UK may not have to give prisoners the vote after all
8 September 2011
The Ministry of Justice has just released its annual report to the Joint Committee on Human Rights, Responding to human rights judgments.
The report is worth reading. It contains useful summaries of the 17 European Court of Human Rights judgments against the UK in 2010 and the government’s response to them.
But what is really interesting is what it says about prisoner votes, and the government’s 6-year delay in implementing the 2005 decision in Hirst (No.2) v UK.
I have dealt with the background in previous posts, most recently this one; see also the court’s useful factsheet. In Greens and M.T. v. the United Kingdom the government boldly sought and failed to reverse the decision of the court’s Grand Chamber in Hirst No. 2. The UK was accordingly given a deadline of 11 October 2011 to remove its indiscriminate ban on prisoner voting. But with just five weeks to spare, the UK may now have another bite of the cherry on prisoner votes. According to the report:
In July, the Grand Chamber accepted a referral in the case of Scoppola v Italy… A hearing before the Grand Chamber has been scheduled for 2 November 2011. The legal issues which arise in Scoppola under Article 3 of Protocol 1 are analogous to those which arose in Hirst and in Greens and MT, and the Second Section referred in its judgment to Hirst, as did the Italian Government in its referral request.

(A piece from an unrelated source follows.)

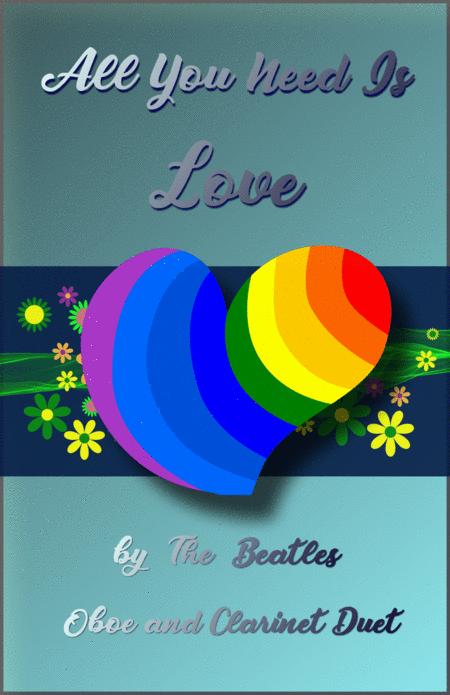 All You Need Is Love By The Beatles For Oboe And Clarinet Duet Sheet Music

Scoppola v Italy (No. 3) (only available in French, but the English press release is here) is another prisoner voting case. The Strasbourg court found that Italy’s policy of imposing lifelong bans on voting to prisoners serving life sentences or sentences of over five years was a violation of Article 3, Protocol 1, the right to free elections. The court repeated the words of the Grand Chamber in Hirst No.2, that a blanket ban was an
automatic and indiscriminate restriction on a vitally important Convention right … falling outside any acceptable margin of appreciation, however wide that margin may be.
The Italian government has been given leave to appeal to the Grand Chamber, the court’s highest level of appeal. And according to the MoJ report, the UK is joining in with the appeal:
the Government has sought leave to intervene in the Scoppola hearing and to defer the time limit specified in Greens and MT, which is due to expire on 11 October 2011. The Government was notified on 31 August that the Court has granted an extension of six months from the date of the Scoppola judgment
It seems unlikely that the Grand Chamber will reverse its own ruling in Hirst No. 2, given that it was made in such strong terms. But assuming that the court could take a while to publish its ruling in Scoppola, perhaps up to a year, the government could have a further year and a half before it has provide prisoner the vote.
The other option is that the court may indeed reverse Hirst No. 2, giving states the ability to impose blanket bans, perhaps in relation to the most serious crimes. Given that John Hirst was convicted of manslaughter and Mr Franco Scoppola of murder, both cases could fall within this exception.
Whatever the result in Scoppola, the UK could have been granted nearly 8 years since Hirst No. 2 without having to do anything about it. In March I questioned whether the UK’s tactics of procrastination on this issue were unappealing, and Dr Ed Bates suggested the government may have been misusing the court’s process. But whatever you view on the tactics, they seem to be working.